# Extracted records
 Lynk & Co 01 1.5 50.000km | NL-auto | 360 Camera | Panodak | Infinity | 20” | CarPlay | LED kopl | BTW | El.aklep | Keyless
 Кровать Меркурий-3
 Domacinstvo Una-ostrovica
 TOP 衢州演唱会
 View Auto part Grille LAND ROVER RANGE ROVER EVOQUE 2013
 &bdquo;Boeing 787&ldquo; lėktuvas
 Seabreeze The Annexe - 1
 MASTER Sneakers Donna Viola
...
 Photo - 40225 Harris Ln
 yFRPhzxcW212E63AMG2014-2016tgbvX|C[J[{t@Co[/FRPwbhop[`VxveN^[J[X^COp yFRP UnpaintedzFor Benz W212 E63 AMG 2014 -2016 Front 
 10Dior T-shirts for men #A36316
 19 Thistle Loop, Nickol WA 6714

# What is expected
Repeat, word for word, the lines above between the line holding "Lynk & Co 01" and the line holding "MASTER Sneakers Donna Viola", inclusive; omit everything else.

# Output of the task
 Lynk & Co 01 1.5 50.000km | NL-auto | 360 Camera | Panodak | Infinity | 20” | CarPlay | LED kopl | BTW | El.aklep | Keyless
 Кровать Меркурий-3
 Domacinstvo Una-ostrovica
 TOP 衢州演唱会
 View Auto part Grille LAND ROVER RANGE ROVER EVOQUE 2013
 &bdquo;Boeing 787&ldquo; lėktuvas
 Seabreeze The Annexe - 1
 MASTER Sneakers Donna Viola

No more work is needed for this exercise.